# Can we change ourselves?



## WaywardNowHome (Mar 22, 2009)

After some recent ponderings, I've come across a question that I've wondered many times before yet never really had answered.

Assume that one is a believer and has been regenerated by the Holy Spirit. As far as I know, this means that the believer is now able to choose to obey or disobey God's commandments at every turn, whereas prior to regeneration they had no choice because they only loved sin. If this is correct, then can believers voluntarily change themselves (i.e., alter their behavior) in order to be more holy and righteous?

Here's an example. Suppose that, prior to salvation, I've been struggling with forgiving others and I tend to hold grudges. By the grace of God, I now have eternal life yet still struggle with this sin. Is it in my ability to work and change this aspect of my character? Or is it entirely up to God and His grace to monegistically work change and righteousness into my life?


----------



## AThornquist (Mar 23, 2009)

Remember Joel, we do not give in to the flesh when we _walk by the Spirit_ (Gal. 5:16). So, while in one sense we choose to conform to Christ and not submit ourselves to the yolk of sin, we do so because of God's grace and power over sin. 

We must not think that since "we have been saved" we can depend on ourselves to be holy. It is the Lord Almighty who makes us holy because He clothes us with Christ. Instead, a better statement would be that since we have been saved we can depend on the Lord to not tempt us more than we bear. And just try to consider what we can bear with the strength of Lord! 

We are _wholly dependent_ on Him in _choosing_ to follow the commands of God.


----------



## OPC'n (Mar 23, 2009)

Gal 3:2 *Let me ask you only this: Did you receive the Spirit by works of the law or by hearing with faith? 3Are you so foolish? Having begun by the Spirit, are you now being perfected by the flesh?*

You are justified, sanctified, and glorified by Christ Jesus...not a decision you make on your behalf.
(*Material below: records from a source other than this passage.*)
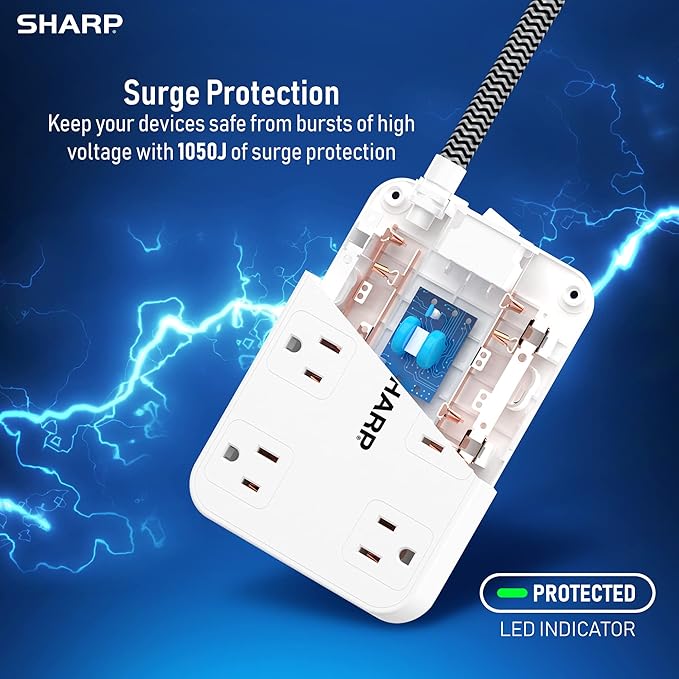SHARP Surge Protector Power Strip - 6 Widely Spaced Outlets with 4 USB Fast Charge USB Charging Ports (3 USB-A and 1 USB Type-C), Flat Wall-Hugger Plug and 6 ft. Braided Cord, White (Pack of 2)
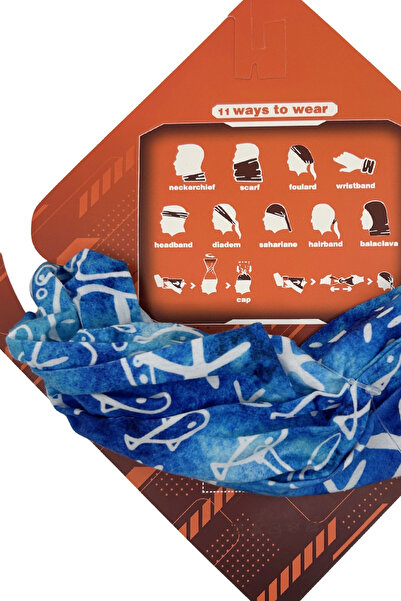 Sofist İstanbul Πολυλειτουργικό κολάρο λαιμού/μπαντάνα/μαντήλι με μπλε και λε...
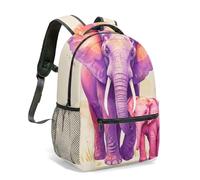 Cute Little Elephant Floral Print Backpack 16 Inch Pink Watercolor Clouds Gold Glitter Dreamy Pastel Illustration Aesthetic Travel Bag (06)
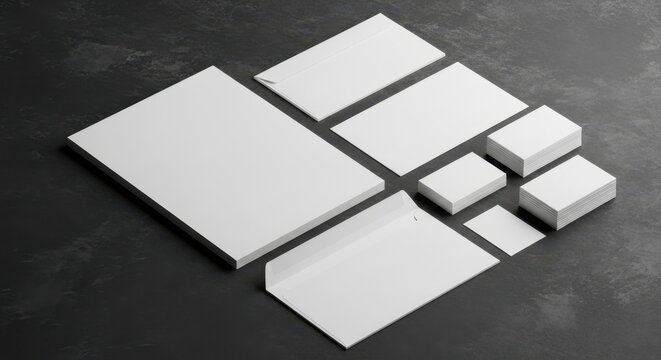 Mockup de papelaria corporativa em branco. Template de identidade visual com cart&otilde;es de visita e envelopes sobre fundo escuro texturizado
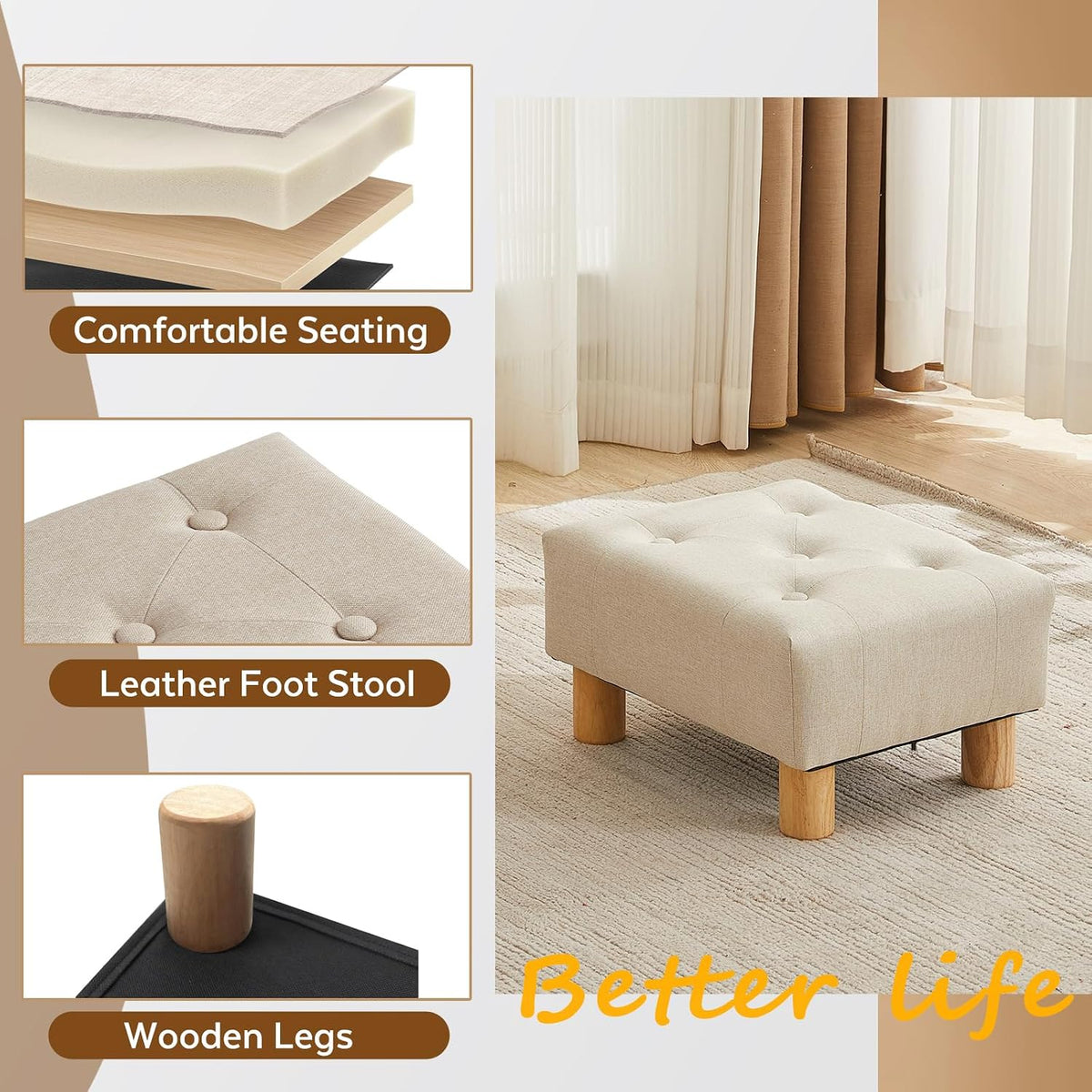 Small Foot Stool Ottoman, Sherpa Footstool Ottoman Foot Rest for Couch, Rectangle Footstools and Ottomans Small for Living Room, Entryway and Bedroom (White)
God *will get all* the glory.


----------



## Tim (Mar 23, 2009)

I understand that, theologically speaking, while justification is _monergistic_, sanctification (what you are talking about) is _synergistic_.

I'm not sure that I could readily demonstrate a solid scriptural case for this. Perhaps someone else who has done a study on this could help with some scripture passages?


----------



## BobVigneault (Mar 23, 2009)

The Scriptures describe our actions as fruit and we cannot grow the fruit. Growth is God's work and he works independently of our will. We are told that CULTIVATION is our responsibility. Prayer, Bible reading, worship, taking the sacraments, godly fellowship (the disciplines) are the means by which we are transformed.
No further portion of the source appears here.